"You have to do this or that but meanwhile, life just passes you by."
If you are like me and think that a lot of mainstream comedy films have lost their edge (and by edge I mean the aspects that make them feel like a movie rather than just lightly edited improvisation or low brow parades of shock value) then I revel in the chance to experience something that is not only hilarious, but also has a cinematic feel. A film that has thematic weight, emotional arcs, excellent direction and succeeds in weaving these elements with comedy. In other news guess what I thought of the internationally acclaimed ‘Toni Erdmann’?

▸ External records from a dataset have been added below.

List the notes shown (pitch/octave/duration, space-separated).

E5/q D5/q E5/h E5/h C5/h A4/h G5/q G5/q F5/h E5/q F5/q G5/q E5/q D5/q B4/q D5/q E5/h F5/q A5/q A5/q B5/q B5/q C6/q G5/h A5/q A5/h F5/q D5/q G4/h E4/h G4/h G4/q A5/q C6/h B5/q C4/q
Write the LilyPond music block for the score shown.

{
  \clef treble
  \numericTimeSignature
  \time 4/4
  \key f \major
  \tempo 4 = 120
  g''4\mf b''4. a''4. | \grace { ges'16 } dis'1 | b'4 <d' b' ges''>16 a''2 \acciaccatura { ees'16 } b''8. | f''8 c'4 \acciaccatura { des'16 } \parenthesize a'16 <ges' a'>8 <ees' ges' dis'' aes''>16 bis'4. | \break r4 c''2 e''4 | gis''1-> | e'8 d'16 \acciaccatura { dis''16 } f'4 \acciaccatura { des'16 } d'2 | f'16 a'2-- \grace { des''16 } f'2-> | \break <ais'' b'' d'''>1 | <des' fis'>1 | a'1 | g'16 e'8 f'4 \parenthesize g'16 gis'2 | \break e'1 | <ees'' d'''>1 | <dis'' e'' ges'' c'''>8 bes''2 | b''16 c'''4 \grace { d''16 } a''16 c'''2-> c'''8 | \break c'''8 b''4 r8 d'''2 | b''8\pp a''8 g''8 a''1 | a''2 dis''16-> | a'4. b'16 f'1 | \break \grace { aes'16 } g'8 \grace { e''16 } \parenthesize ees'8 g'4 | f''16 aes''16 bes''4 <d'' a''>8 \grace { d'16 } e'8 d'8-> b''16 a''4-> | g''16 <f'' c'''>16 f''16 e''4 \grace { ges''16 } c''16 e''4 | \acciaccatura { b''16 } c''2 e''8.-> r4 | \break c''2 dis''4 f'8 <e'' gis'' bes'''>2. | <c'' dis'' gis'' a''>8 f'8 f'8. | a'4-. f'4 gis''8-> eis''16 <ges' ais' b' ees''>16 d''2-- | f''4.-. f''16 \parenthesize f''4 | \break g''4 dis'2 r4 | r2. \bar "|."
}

Winfried Conradi (Peter Simonischek) is a divorced music teacher, an old-age hippie of sorts, with a passion for bizarre pranks involving several fake personas. When his beloved dog dies he tries to reconnect with his daughter Innes (Sandra Hüller), who is pursuing a successful career in business, but she is reluctant to embrace him as a part of her new life.

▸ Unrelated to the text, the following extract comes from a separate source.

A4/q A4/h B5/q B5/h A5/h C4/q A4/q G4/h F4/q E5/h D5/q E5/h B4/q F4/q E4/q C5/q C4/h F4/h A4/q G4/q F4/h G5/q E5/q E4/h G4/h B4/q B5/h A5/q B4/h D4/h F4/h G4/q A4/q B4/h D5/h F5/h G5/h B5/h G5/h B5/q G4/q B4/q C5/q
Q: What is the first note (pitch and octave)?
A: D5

I could envision people being underwhelmed by ‘Toni Erdmann’ based on the reviews heading into news outlets. The first thing every other critic has said about the movie is how outlandishly hilarious it is, and while I profess to laughing several times throughout the film, it was not the humour that struck me the most. What left the biggest impression on me was its detailed portrait it painted not just of its individual characters, but of human relations and human behaviour in general. In fact if I can life the ideas raised in reviews by other people once more, many reviews noted that they could imagine Robin Williams being perfect in the lead role. Having seen the film I now understand exactly what they meant.
You see, despite ‘Toni Erdmann’ being a comedy of manners, absurdity and farce, it also delves into darker territory when it questions what drives a comedian/performer to feel a need to make everyone around him laugh. It is a subtle character study of inner pain as well as external hilarity that is at times comedic but at others tragically bittersweet. It uses subtle writing and implied histories to create characters that are not only engaging but also surpassingly complex. Though the runtime of 162 minutes would seem implausibly long, for the most part the film moves along with great pace due to how that runtime not only allows for numerous comedic situations but also to explore the dynamics between those characters in multiple ways to gain new insights into their relationship.
The film’s writer and director Maren Ade has yet to break through to mainstream audiences, but her reputation on the international circuit is highly sought. With ‘Toni Erdmann’ she has created a film that cannot really be classified into one category. Of course one could call it a comedy or a drama, but the way it blends those two contrasting elements together in such a cohesive and structurally sound way is incredible to behold. Even in the film’s most absurdly funny moments we are learning about the characters in a dramatic and complex manner. It gets to the point where you are unsure of whether a scene is designed to be funny or tragic because on multiple occasions it accomplishes both at the same time.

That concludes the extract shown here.